The data is available for download in several formats. All files are encoded in UTF-8.
Are you a data scientist working with sign languages for the first time? Please take the time to familiarise yourself with the topic. There are many pitfalls to be aware of. We suggest reading the paper Fox, N., Woll, B. & Cormier, K. Best practices for sign language technology research. Univ Access Inf Soc (2023).
Note that some fields might contain commas, and are surrounded by quote chars where needed.
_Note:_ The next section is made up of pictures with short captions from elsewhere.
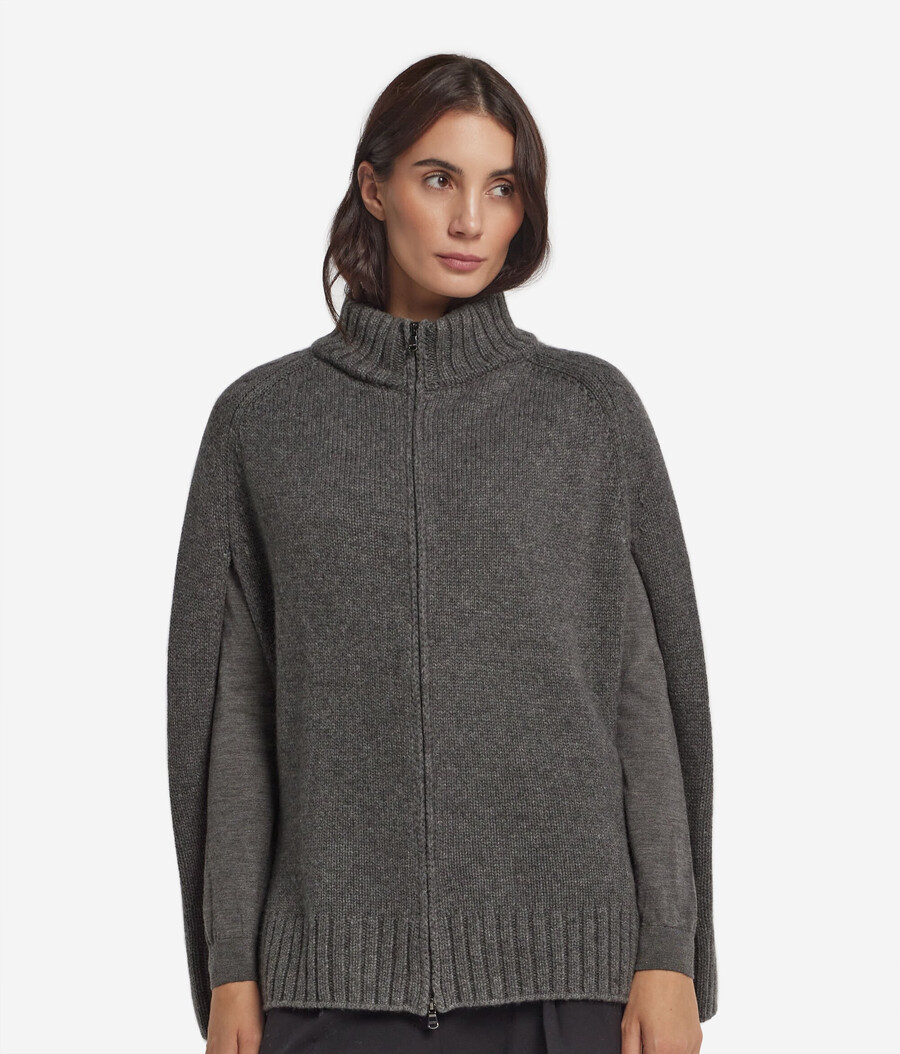mantella con cerniera in cashmere ultra morbido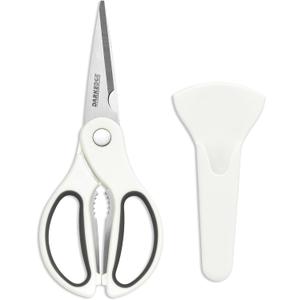 Kitchen Scissors with Magnetic Holder Heavy Duty Magnetic Scissors for Fridge, Kitchen Shears Magnet Sheath Set for Food Meat Pizza Herb Vegetables, White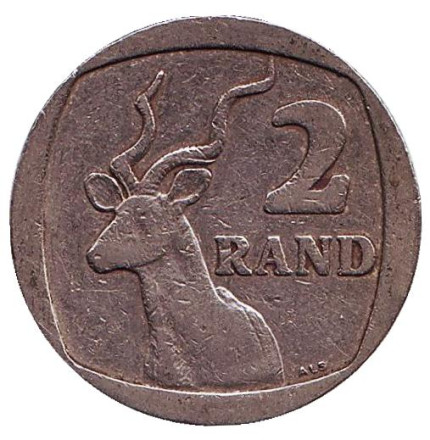 Монета 2 ранда. 1997 год, ЮАР. Антилопа.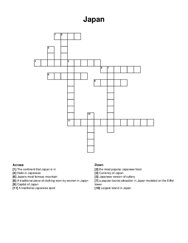 Japan crossword puzzle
The possible values for the “confidence” column are as follow:
This format allows you to easily import the new languages into the NLTK Wordnet library, and allows you to use NLTK's usual functions with the new languages.
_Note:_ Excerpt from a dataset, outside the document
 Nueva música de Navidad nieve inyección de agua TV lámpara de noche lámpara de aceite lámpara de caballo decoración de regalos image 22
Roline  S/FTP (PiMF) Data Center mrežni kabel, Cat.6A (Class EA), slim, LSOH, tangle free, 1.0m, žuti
NLTK does not allow custom synsets, so this format is missing the synsets we created and the signs linked to them.
As per NLTK's requirements, languages are identified by their ISO 639-3 language codes, so, for example, German Sign Language is referred to by the code gsg
, rather than its common acronym DGS.
For each language we provide three different formats for textually representing signs as wordnet lemmas: By the type ID used in our resource, by their gloss/keywords, or by their video URL. Note that the video URL format only contains entries for which such a URL is available.
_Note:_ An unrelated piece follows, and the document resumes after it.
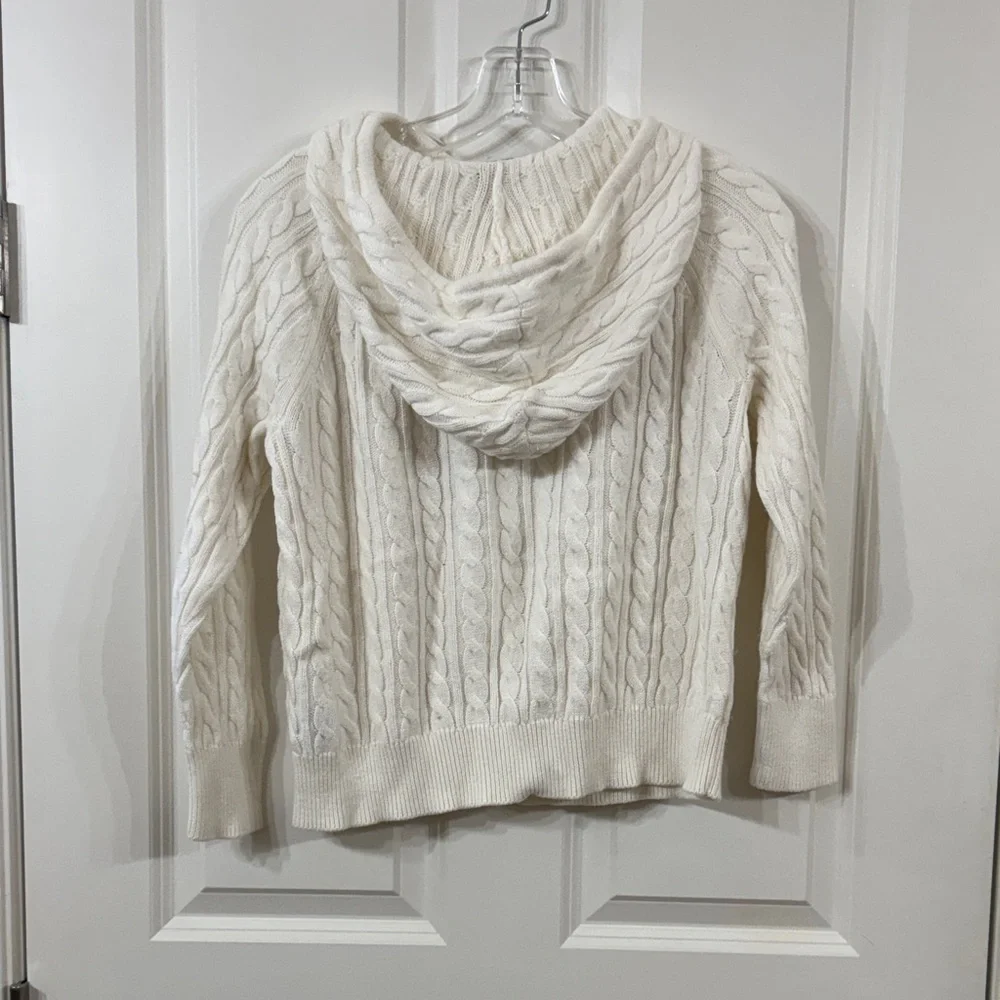 J. Crew Cable Knit Hooded Sweater - Cream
Lang. | ISO | Lemma is Type ID | Lemma is Gloss/keyword | Lemma is Video URL |
---|---|---|---|---|
BSL | bfi |
sign_wordnet_video_bfi.tab | sign_wordnet_gloss_bfi.tab | sign_wordnet_video_bfi.tab |
DGS | gsg |
sign_wordnet_video_gsg.tab | sign_wordnet_gloss_gsg.tab | sign_wordnet_video_gsg.tab |
DSGS | sgg |
sign_wordnet_video_sgg.tab | sign_wordnet_gloss_sgg.tab | sign_wordnet_video_sgg.tab |
GSL | gss |
sign_wordnet_video_gss.tab | sign_wordnet_gloss_gss.tab | sign_wordnet_video_gss.tab |
LSF | fsl |
sign_wordnet_video_fsl.tab | sign_wordnet_gloss_fsl.tab | sign_wordnet_video_fsl.tab |
NGT | dse |
sign_wordnet_video_dse.tab | sign_wordnet_gloss_dse.tab | sign_wordnet_video_dse.tab |
PJM | pso |
sign_wordnet_video_pso.tab | sign_wordnet_gloss_pso.tab | sign_wordnet_video_pso.tab |
STS | swl |
sign_wordnet_video_swl.tab | sign_wordnet_gloss_swl.tab | sign_wordnet_video_swl.tab |
from nltk.corpus import wordnet as wn
with open("sign_wordnet_video_dse.tab",mode="r",encoding="utf-8") as f:
wn.custom_lemmas(f,"dse")
wn.synset_from_pos_and_offset("n",2129165).lemma_names("dse")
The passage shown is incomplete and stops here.